Est-il, dès lors, possible de trouver un terrain d'entente ?

Selon Yvo de Boer, plus haut responsable du climat aux Nations unies, l'une des questions désormais débattue est de savoir s'il est possible «d'extraire certaines parties de Kyoto et (de) les mettre dans un nouvel accord».

Mais nombre de négociateurs redoutent que le modèle proposé par les Américains n'introduise une trop grande flexibilité et ne permette pas d'enrayer l'envolée du thermomètre planétaire.

«Les propositions américaines sur la table sont d'une ambition trop faible pour les pays développés», estime Emmanuel Guérin, de l'Institut du développement durable et des relations internationales (IDDRI).

Si elles étaient retenues, «cela reviendrait à afficher dans une partie du texte un objectif global pour limiter le réchauffement et, dans l'autre, simplement additionner ce que chaque pays peut faire», estime-t-il.

«On s'apercevra très vite qu'il y aura un décalage énorme entre les deux. C'est assez hypocrite».

Pour Dessima Williams, à la tête de l'Alliance des petits États insulaires (Aosis), qui redoutent d'être dévastés par la montée des eaux, parler de l'architecture de l'accord aujourd'hui, «c'est mettre la charrue avant les boeufs».

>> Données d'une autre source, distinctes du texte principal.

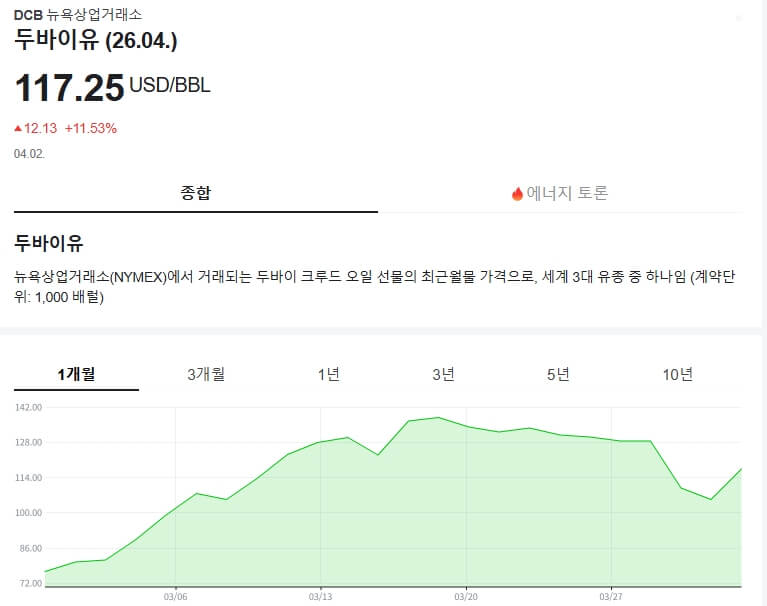 실시간 두바이유 가격 그래프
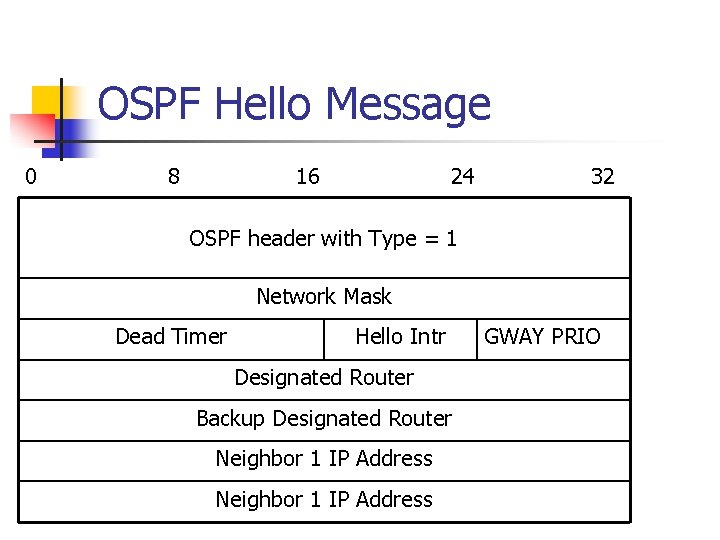 OSPF Hello Message 0 8 16 24 32 OSPF header with Type = 1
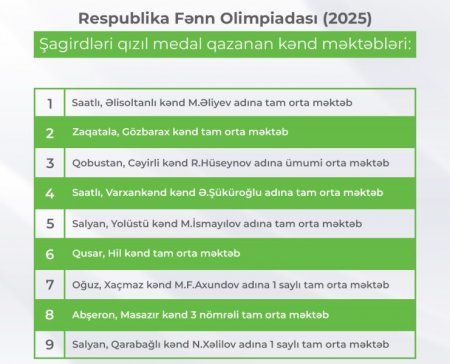 Respublika Fənn Olimpiadalarında şagirdləri qızıl medal alan kənd məktəbləri - SİYAHI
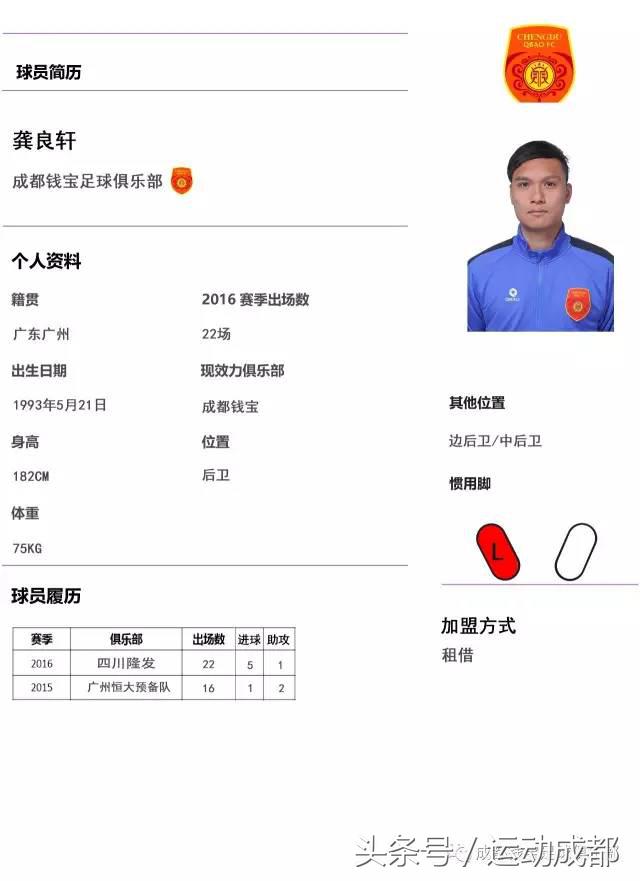 钱宝成都,成都钱宝球员名单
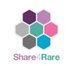 Share4Rare_es (@Share4Rare_es) Twitter profile photo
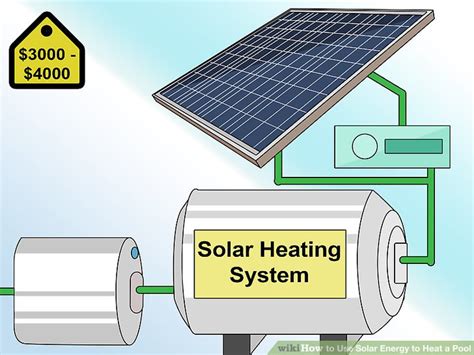 Choosing a heat pump pool heater. 3 Ways to Use Solar Energy to Heat a Pool - wikiHow
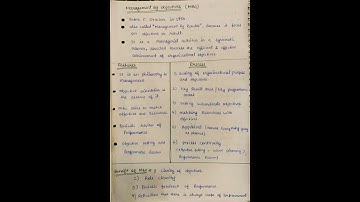 Management By Objectives | MBO, It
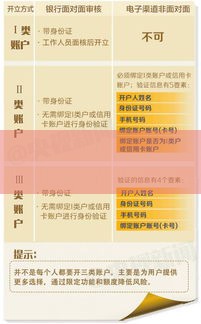 10万存款，如何实现局部退休？站长亲述生活转变之道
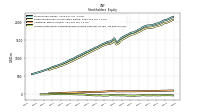 Accumulated Other Comprehensive Income Loss Net Of Tax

«Nous voulons des engagements rigoureux sur les réductions d'émissions (de gaz à effet de serre) et des financements adéquats pour l'adaptation», explique-t-elle.

Comment interpréter alors l'énergie déployée par les Américains pour présenter un accord déconnecté de Kyoto ?

«Peut-être que les États-Unis veulent faire oublier qu'ils n'ont pas encore d'efforts de réduction à nous proposer», répond Brice Lalonde, ambassadeur de France pour le climat.